Leave out the pictures and retype, exactly, the lines below from the line with "men round neck" up to and including the line with "Sakura-フェイシャルス", nothing more.

## RECORDS FOR THIS TASK:
----

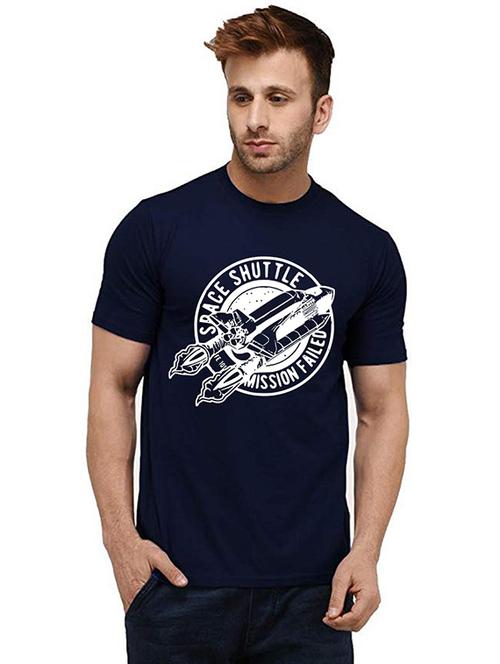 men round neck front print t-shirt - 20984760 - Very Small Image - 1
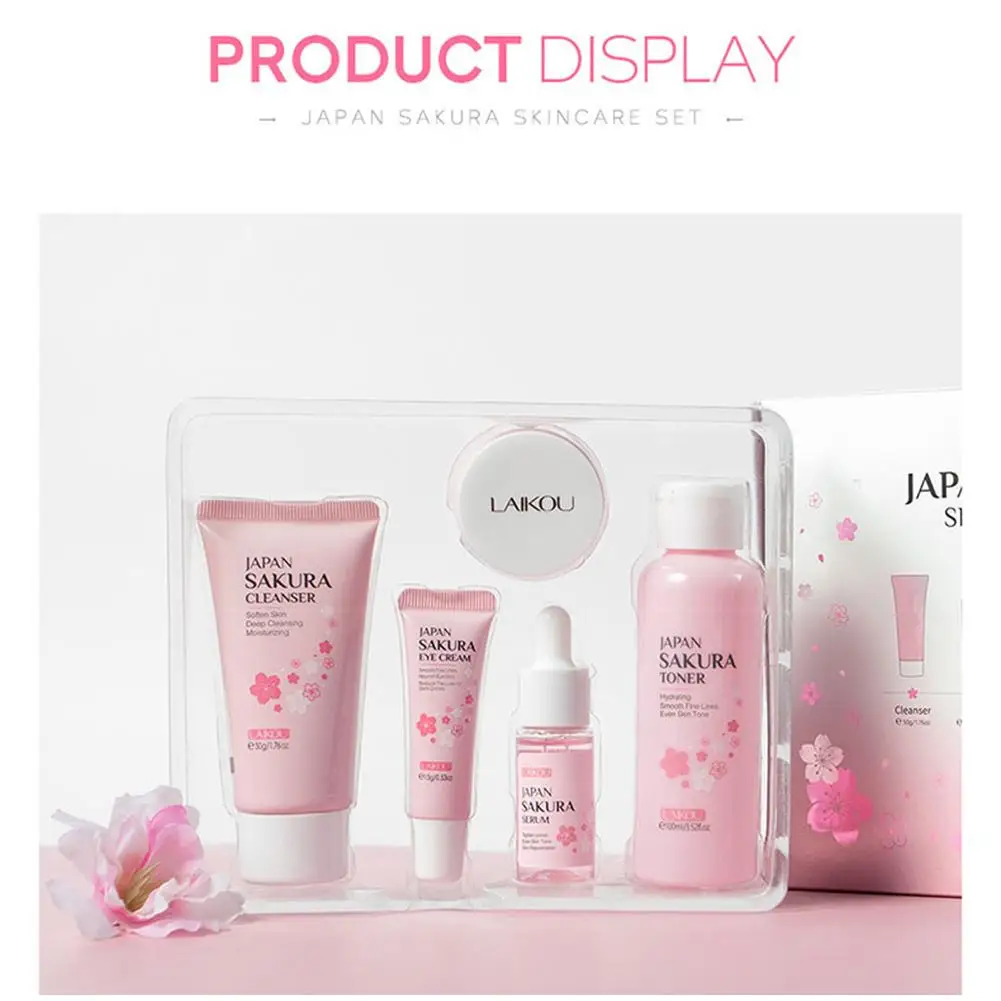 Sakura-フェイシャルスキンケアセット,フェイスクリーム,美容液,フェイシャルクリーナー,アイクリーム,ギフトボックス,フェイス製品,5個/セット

----

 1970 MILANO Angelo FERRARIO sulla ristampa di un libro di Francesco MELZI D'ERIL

----

## EXERCISE SOLUTION:
 men round neck front print t-shirt - 20984760 - Very Small Image - 1
 Sakura-フェイシャルスキンケアセット,フェイスクリーム,美容液,フェイシャルクリーナー,アイクリーム,ギフトボックス,フェイス製品,5個/セット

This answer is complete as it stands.